A flow diagram of the experiments (cell preparation and in vivo transplantation) is shown. Bone marrow (BM) and shed blood (SB) are harvested from patients during THA. Isolated mononuclear cells (MNCs) (1 × 10⁶) from BM and SB are seeded on interconnective porous calcium hydroxyapatite ceramic (IP-CHA) and transplanted in the backs of athymic rats for one biochemical and two histologic analyses. IP-CHAs without cells were transplanted as controls. There were three groups and six subjects per group in this study.

Fig. 2A–B

(A) Composites (disk-shaped with a diameter of 5 mm and a height of 2 mm) were sectioned (5 μm) horizontally using a microtome and the center portion of the composite was stained. (B) The newly formed bone and capillary were assessed in five areas (one center and four peripheral per section) of 1.0 mm².

Fig. 3A–B

(A) The frequencies of CD34⁺/CD45^dim cells were evaluated in the bone marrow (BM) and shed blood (SB) groups.
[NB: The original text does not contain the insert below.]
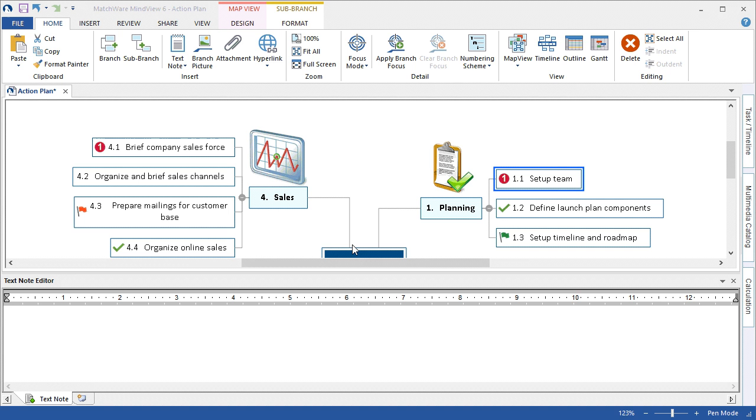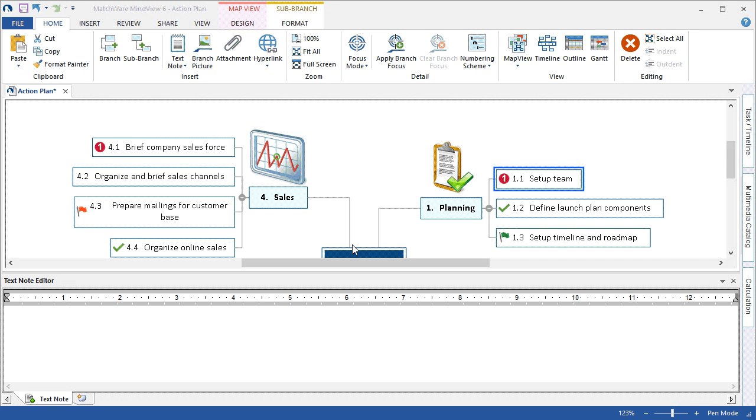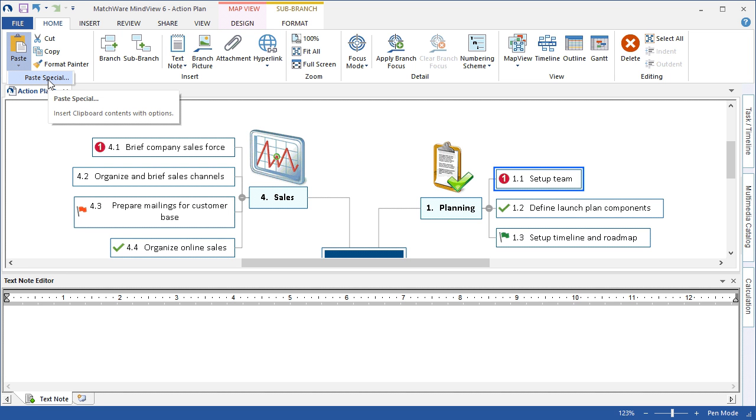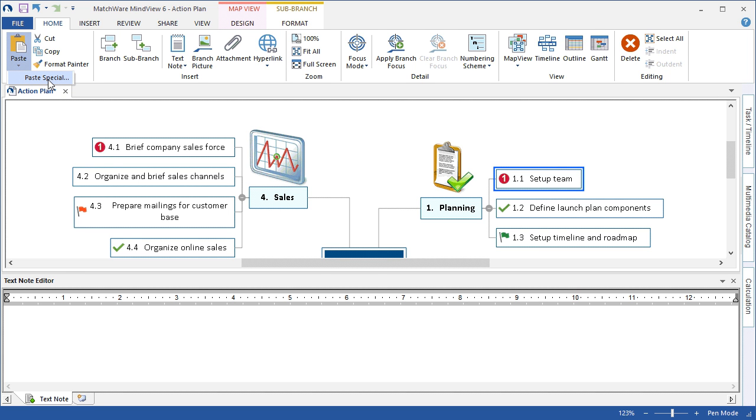To improve the user experience when working with items copied to the clipboard, MindView 6 now includes the Paste Special option like in MS Office. This is functional on branch text and in the Text Note Editor. Users can now define if they want to paste plain text, formatted text, or text and picture.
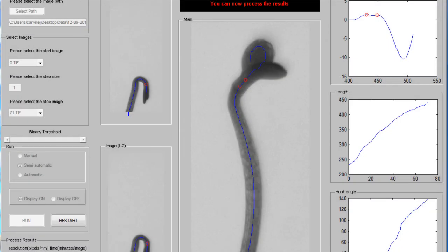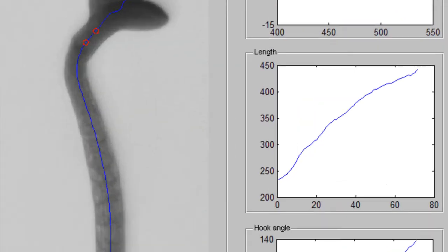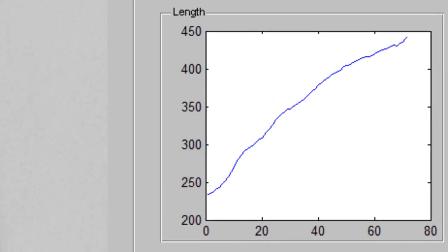Continue making image selections until each image in your image stack has been analyzed, then save your results. When completed, a good data set will give a smooth length curve. A length curve with large spikes or drops indicates that endpoints were selected incorrectly at some point during the analysis.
A dot plot shows the representative flow cytometric analysis. (B) The percentage of CD34⁺/CD45^dim cells in SB showed lower tendency compared with BM. However, there was no difference between the BM and SB groups (BM group, 2.86% ± 1.03%; SB group, 2.42% ± 0.82%; p = 0.6991 for BM versus SB).

Fig. 4A–D

Histologic observation revealed fibrous tissues and bone formation in composites harvested at 8 weeks after implantation in each group. In the (A) control group, only fibrous tissues were seen although substantial bone formations in the pores of the composite were identified in the (B) bone marrow (BM) and (C) shed blood (SB) groups. (H = interconnective porous calcium hydroxyapatite ceramic (IP-CHA); F = fibrous tissue; L = lamellar bone) (A–C: Stain, hematoxylin and eosin; original magnification, ×400; scale bar = 100 μm). (D) A graph shows the percentage of newly formed bone in the composite 8 weeks after implantation. Compared with the control group, the percentage was higher in the BM and SB groups (control group, 10.4% ± 6.7%; BM group, 26.8% ± 4.9%; SB group, 25.9% ± 3.1%; p = 0.0150 for control versus BM; p = 0.0065 for control versus SB; p = 1.0000 for BM versus SB).

Fig. 5A–D

Lamellar bone and lining osteocalcin (OC)-positive osteocytes are identified in the bone marrow (BM) and shed blood (SB) groups 8 weeks after implantation in the (A) control, (B) BM, and (C) SB groups. [H = interconnective porous calcium hydroxyapatite ceramic (IP-CHA); F = fibrous tissue; L = lamellar bone, white arrows: lining OC-positive osteocytes](Stain, immunochemical stain; original magnification, ×400; scale bar = 100 μm). (D) Four and 8 weeks after implantation, the expression level of OC was higher in the BM and SB groups compared with the control group. There was no difference between the BM and SB groups at either time (4 weeks: control group, 18.6 ± 3.5 ng/mL; BM group, 36.8 ± 3.2 ng/mL; SB group, 39.5 ± 9.0 ng/mL; p = 0.0065 for control versus BM; p = 0.0260 for control versus SB; p = 0.3961 for BM versus SB) (8 weeks: control group, 22.2 ± 10.9 ng/mL; BM group, 50.0 ± 6.5 ng/mL; SB group, 49.4 ± 19.2 ng/mL; p = 0.0065 for control versus BM; p = 0.0455 for control versus SB; p = 1.0000 for BM versus SB).

Fig. 6A–D

Capillaries were identified as blood vessel endothelium positive for Isolectin B4 in the (A) control, (B) bone marrow (BM), and (C) shed blood (SB) groups (Stain, immunohistochemical stain; original magnification, ×400; scale bar = 100 µm). (D) The density of capillaries was greater in the BM and SB groups compared with the control group at 4 weeks. There was no difference between the BM and SB groups (control group, 104 ± 7.1/mm²; BM group, 215 ± 19.4/mm²; SB group, 217 ± 25.5/mm²; p = 0.0150 for control versus BM; p = 0.0150 for control versus SB; p = 1.0000 for BM versus SB).